▶ Record set
◆ ◆ ◆
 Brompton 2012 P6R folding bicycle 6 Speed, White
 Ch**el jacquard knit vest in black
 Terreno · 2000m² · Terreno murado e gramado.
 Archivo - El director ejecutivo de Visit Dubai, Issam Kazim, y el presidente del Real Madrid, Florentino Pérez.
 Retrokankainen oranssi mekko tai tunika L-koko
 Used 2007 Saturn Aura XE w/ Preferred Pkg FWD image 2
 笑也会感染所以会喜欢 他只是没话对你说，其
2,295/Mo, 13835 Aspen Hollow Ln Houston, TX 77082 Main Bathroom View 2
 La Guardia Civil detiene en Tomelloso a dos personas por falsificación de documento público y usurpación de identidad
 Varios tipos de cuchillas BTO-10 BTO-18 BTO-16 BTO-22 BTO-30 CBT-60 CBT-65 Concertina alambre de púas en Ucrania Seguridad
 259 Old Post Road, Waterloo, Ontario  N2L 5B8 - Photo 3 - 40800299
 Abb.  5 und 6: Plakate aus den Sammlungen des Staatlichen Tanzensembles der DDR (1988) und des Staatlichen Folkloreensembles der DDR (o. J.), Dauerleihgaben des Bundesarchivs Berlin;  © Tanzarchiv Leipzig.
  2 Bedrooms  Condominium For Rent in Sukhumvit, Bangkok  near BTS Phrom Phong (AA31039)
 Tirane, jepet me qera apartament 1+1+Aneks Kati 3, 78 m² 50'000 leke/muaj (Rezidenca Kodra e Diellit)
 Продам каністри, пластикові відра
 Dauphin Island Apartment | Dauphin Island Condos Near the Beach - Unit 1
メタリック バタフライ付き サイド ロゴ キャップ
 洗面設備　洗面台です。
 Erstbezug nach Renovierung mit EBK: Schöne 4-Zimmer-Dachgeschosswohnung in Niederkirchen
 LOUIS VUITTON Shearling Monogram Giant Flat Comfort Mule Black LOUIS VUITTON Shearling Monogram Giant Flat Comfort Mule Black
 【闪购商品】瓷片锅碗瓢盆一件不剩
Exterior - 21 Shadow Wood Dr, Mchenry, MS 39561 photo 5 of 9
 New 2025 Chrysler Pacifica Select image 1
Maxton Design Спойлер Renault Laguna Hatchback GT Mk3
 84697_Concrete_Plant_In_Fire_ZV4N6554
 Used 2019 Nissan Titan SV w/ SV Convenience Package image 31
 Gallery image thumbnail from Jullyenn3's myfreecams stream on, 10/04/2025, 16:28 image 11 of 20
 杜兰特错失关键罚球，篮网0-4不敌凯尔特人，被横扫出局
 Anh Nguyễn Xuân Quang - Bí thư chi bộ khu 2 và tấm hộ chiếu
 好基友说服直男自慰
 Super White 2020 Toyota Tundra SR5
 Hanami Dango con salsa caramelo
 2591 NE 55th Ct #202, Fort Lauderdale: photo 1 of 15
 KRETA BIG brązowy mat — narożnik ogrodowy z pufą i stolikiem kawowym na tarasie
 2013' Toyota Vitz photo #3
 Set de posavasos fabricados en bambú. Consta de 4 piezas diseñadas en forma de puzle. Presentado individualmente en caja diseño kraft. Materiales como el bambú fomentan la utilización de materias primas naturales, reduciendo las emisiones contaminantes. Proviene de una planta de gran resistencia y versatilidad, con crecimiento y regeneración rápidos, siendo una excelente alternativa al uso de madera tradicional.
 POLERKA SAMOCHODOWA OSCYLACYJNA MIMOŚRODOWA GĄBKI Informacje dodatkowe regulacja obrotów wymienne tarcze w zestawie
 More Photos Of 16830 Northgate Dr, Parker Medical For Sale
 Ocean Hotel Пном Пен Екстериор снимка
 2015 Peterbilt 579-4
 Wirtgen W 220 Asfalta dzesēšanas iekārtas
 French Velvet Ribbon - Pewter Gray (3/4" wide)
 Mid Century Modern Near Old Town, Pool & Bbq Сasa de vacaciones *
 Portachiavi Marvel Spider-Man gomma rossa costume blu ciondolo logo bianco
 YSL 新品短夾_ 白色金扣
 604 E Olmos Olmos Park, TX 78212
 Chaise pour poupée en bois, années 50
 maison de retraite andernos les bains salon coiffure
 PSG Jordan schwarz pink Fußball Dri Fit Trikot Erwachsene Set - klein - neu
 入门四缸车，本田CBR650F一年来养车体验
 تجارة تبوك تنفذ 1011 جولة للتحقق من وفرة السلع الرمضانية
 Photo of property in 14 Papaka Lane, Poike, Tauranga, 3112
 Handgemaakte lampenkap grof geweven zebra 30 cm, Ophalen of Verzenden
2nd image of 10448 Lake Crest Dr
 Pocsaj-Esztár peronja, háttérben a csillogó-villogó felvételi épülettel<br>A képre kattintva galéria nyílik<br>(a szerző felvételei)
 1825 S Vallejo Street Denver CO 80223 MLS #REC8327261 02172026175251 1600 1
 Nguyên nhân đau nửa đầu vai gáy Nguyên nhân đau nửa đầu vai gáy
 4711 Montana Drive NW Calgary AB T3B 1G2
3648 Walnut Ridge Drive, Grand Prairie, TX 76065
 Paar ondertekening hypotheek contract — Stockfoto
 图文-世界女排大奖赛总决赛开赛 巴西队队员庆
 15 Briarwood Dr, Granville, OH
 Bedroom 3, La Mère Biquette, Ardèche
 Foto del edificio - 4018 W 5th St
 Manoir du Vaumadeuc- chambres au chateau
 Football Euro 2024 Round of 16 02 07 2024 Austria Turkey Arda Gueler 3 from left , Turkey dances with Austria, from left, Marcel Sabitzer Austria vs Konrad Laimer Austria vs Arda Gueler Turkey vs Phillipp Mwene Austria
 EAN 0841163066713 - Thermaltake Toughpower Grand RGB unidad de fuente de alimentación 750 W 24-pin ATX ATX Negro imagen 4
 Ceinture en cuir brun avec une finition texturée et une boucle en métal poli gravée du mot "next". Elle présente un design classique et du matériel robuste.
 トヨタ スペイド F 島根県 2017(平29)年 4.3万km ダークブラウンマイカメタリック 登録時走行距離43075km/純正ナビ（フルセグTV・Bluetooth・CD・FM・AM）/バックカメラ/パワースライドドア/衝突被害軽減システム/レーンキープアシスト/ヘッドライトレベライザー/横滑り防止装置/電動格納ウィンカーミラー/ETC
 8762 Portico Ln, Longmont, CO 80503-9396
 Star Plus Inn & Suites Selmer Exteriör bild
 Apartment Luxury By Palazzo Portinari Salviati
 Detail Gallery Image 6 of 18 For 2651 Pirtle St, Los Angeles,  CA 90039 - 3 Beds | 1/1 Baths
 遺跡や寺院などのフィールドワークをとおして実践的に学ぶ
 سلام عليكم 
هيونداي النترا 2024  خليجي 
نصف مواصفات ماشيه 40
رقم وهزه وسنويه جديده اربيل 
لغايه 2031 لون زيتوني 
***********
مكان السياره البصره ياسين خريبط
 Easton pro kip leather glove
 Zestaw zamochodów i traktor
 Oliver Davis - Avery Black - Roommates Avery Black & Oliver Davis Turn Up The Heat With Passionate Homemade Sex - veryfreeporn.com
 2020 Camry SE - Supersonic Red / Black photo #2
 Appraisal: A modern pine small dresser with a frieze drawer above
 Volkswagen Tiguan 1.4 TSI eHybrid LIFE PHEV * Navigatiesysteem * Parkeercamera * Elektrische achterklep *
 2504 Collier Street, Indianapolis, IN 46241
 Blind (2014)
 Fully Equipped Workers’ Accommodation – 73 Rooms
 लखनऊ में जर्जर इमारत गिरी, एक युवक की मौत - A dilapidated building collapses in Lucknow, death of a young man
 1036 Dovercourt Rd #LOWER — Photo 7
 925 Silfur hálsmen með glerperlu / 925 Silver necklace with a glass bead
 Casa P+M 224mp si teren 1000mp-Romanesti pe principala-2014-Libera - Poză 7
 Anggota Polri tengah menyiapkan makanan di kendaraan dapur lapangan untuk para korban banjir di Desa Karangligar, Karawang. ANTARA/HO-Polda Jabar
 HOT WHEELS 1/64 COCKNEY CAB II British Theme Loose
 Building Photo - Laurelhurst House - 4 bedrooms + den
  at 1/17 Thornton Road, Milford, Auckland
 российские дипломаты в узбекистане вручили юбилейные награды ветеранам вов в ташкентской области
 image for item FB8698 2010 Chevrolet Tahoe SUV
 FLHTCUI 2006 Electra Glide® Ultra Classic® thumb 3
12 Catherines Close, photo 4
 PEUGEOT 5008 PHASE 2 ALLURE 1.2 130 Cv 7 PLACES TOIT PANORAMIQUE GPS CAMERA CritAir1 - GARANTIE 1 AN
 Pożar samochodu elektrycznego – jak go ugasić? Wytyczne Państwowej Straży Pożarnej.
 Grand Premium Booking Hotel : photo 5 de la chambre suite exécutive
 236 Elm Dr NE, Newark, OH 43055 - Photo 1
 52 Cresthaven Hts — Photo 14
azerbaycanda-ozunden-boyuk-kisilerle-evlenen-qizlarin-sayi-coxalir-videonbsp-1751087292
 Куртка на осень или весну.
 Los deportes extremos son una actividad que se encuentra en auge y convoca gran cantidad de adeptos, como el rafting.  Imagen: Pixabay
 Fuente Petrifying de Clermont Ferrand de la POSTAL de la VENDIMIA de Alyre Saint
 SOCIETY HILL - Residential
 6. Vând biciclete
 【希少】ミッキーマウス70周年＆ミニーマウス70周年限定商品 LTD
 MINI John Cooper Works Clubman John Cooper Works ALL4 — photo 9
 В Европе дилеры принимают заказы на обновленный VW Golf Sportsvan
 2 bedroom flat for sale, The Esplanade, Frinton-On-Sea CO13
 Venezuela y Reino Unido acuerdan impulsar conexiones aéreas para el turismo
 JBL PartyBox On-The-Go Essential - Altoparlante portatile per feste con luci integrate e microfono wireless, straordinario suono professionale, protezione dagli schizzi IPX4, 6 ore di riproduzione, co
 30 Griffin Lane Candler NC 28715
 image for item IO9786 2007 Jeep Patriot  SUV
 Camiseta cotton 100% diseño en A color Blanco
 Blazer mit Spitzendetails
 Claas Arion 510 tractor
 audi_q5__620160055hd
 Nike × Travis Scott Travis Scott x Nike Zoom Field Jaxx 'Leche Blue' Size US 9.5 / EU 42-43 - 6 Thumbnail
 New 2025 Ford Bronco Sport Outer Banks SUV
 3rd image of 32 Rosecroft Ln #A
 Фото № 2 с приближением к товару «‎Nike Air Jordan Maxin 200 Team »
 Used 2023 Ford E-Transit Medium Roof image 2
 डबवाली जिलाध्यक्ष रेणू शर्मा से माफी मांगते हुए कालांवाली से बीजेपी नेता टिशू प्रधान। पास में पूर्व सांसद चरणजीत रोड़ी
◆ ◆ ◆
▶ Description of the task
Transcribe only, please, the lines from the first line of the records through the line with "Super White 2020 Toyota Tundra SR5". Both of those lines are included.

▶ Answer box
 Brompton 2012 P6R folding bicycle 6 Speed, White
 Ch**el jacquard knit vest in black
 Terreno · 2000m² · Terreno murado e gramado.
 Archivo - El director ejecutivo de Visit Dubai, Issam Kazim, y el presidente del Real Madrid, Florentino Pérez.
 Retrokankainen oranssi mekko tai tunika L-koko
 Used 2007 Saturn Aura XE w/ Preferred Pkg FWD image 2
 笑也会感染所以会喜欢 他只是没话对你说，其
2,295/Mo, 13835 Aspen Hollow Ln Houston, TX 77082 Main Bathroom View 2
 La Guardia Civil detiene en Tomelloso a dos personas por falsificación de documento público y usurpación de identidad
 Varios tipos de cuchillas BTO-10 BTO-18 BTO-16 BTO-22 BTO-30 CBT-60 CBT-65 Concertina alambre de púas en Ucrania Seguridad
 259 Old Post Road, Waterloo, Ontario  N2L 5B8 - Photo 3 - 40800299
 Abb.  5 und 6: Plakate aus den Sammlungen des Staatlichen Tanzensembles der DDR (1988) und des Staatlichen Folkloreensembles der DDR (o. J.), Dauerleihgaben des Bundesarchivs Berlin;  © Tanzarchiv Leipzig.
  2 Bedrooms  Condominium For Rent in Sukhumvit, Bangkok  near BTS Phrom Phong (AA31039)
 Tirane, jepet me qera apartament 1+1+Aneks Kati 3, 78 m² 50'000 leke/muaj (Rezidenca Kodra e Diellit)
 Продам каністри, пластикові відра
 Dauphin Island Apartment | Dauphin Island Condos Near the Beach - Unit 1
メタリック バタフライ付き サイド ロゴ キャップ
 洗面設備　洗面台です。
 Erstbezug nach Renovierung mit EBK: Schöne 4-Zimmer-Dachgeschosswohnung in Niederkirchen
 LOUIS VUITTON Shearling Monogram Giant Flat Comfort Mule Black LOUIS VUITTON Shearling Monogram Giant Flat Comfort Mule Black
 【闪购商品】瓷片锅碗瓢盆一件不剩
Exterior - 21 Shadow Wood Dr, Mchenry, MS 39561 photo 5 of 9
 New 2025 Chrysler Pacifica Select image 1
Maxton Design Спойлер Renault Laguna Hatchback GT Mk3
 84697_Concrete_Plant_In_Fire_ZV4N6554
 Used 2019 Nissan Titan SV w/ SV Convenience Package image 31
 Gallery image thumbnail from Jullyenn3's myfreecams stream on, 10/04/2025, 16:28 image 11 of 20
 杜兰特错失关键罚球，篮网0-4不敌凯尔特人，被横扫出局
 Anh Nguyễn Xuân Quang - Bí thư chi bộ khu 2 và tấm hộ chiếu
 好基友说服直男自慰
 Super White 2020 Toyota Tundra SR5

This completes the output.